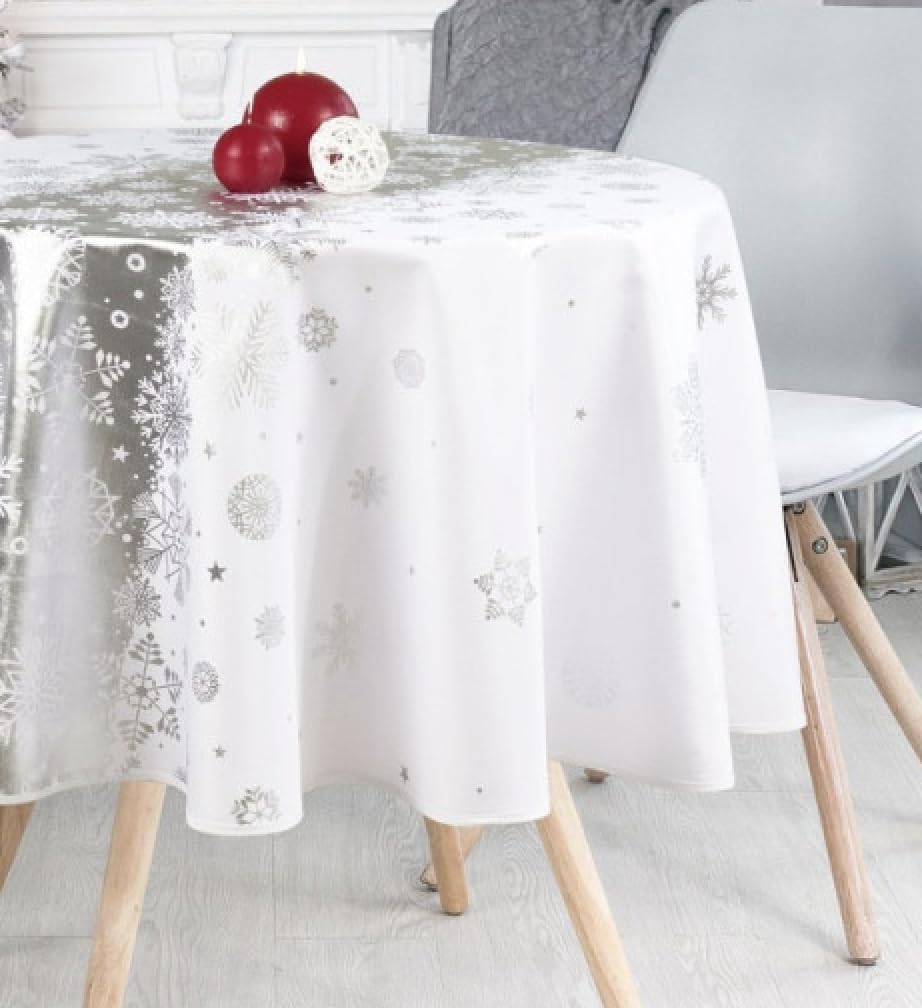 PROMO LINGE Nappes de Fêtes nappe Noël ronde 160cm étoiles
--- --- ---
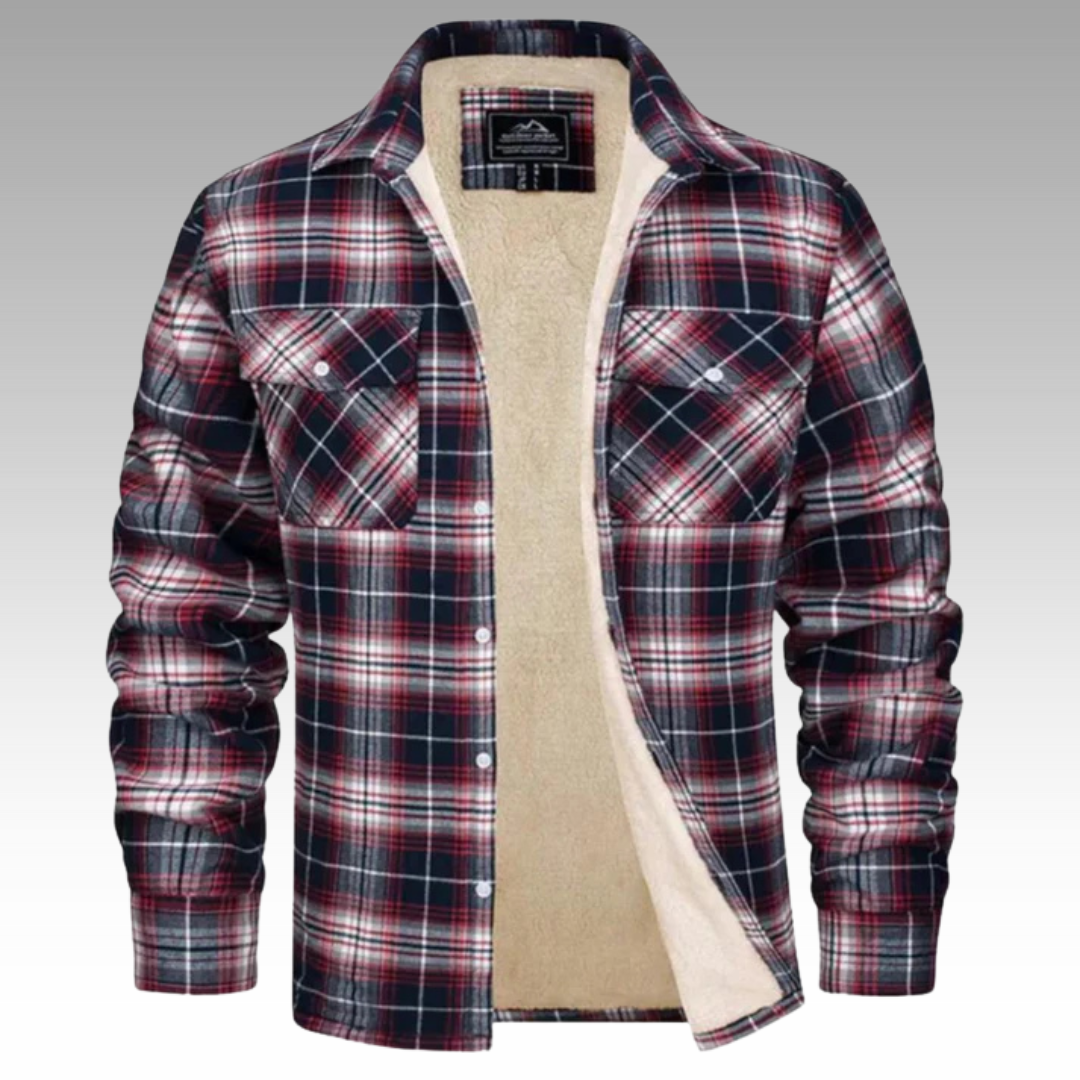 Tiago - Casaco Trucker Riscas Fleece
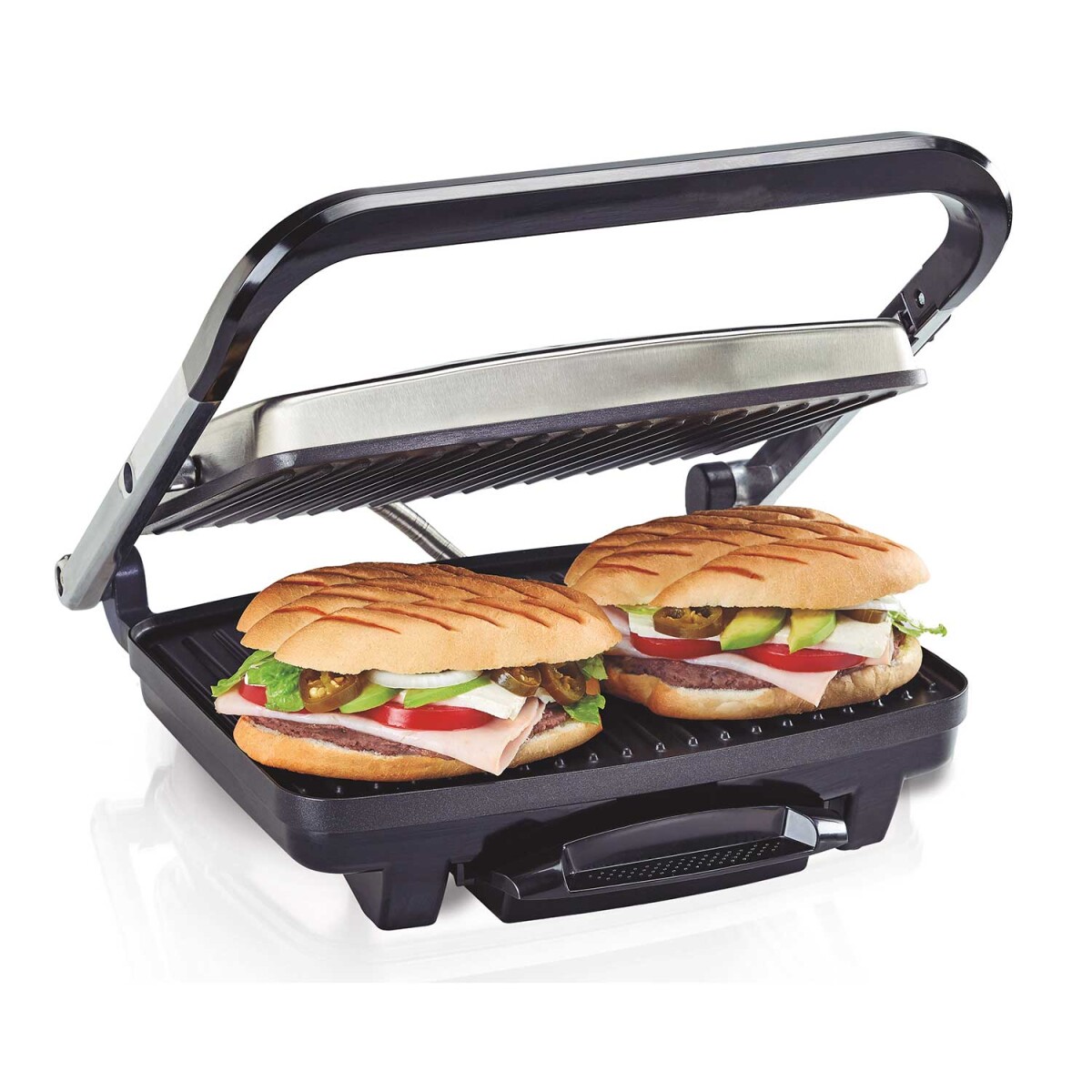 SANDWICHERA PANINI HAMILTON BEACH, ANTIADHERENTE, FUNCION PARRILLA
--- --- ---
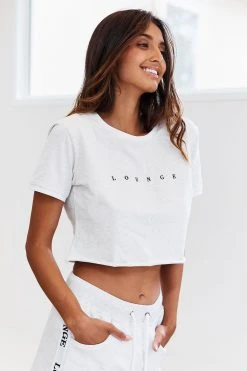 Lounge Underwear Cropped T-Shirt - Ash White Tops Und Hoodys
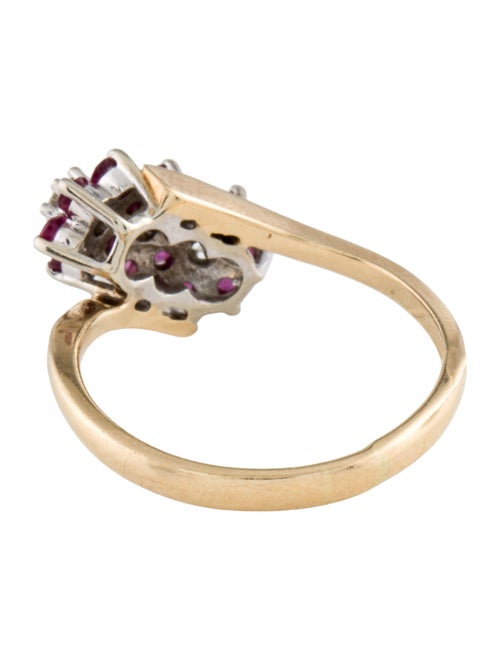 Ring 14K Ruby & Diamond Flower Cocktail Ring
--- --- ---
▸ **Aim of the exercise**
Would you give again, exactly, the lines in the data above that run from the line containing "Tiago - Casaco Trucker Riscas Fleece" to the line containing "SANDWICHERA PANINI HAMILTON"? Include both ends and no pictures.

▸ **Written answer**
 Tiago - Casaco Trucker Riscas Fleece
 SANDWICHERA PANINI HAMILTON BEACH, ANTIADHERENTE, FUNCION PARRILLA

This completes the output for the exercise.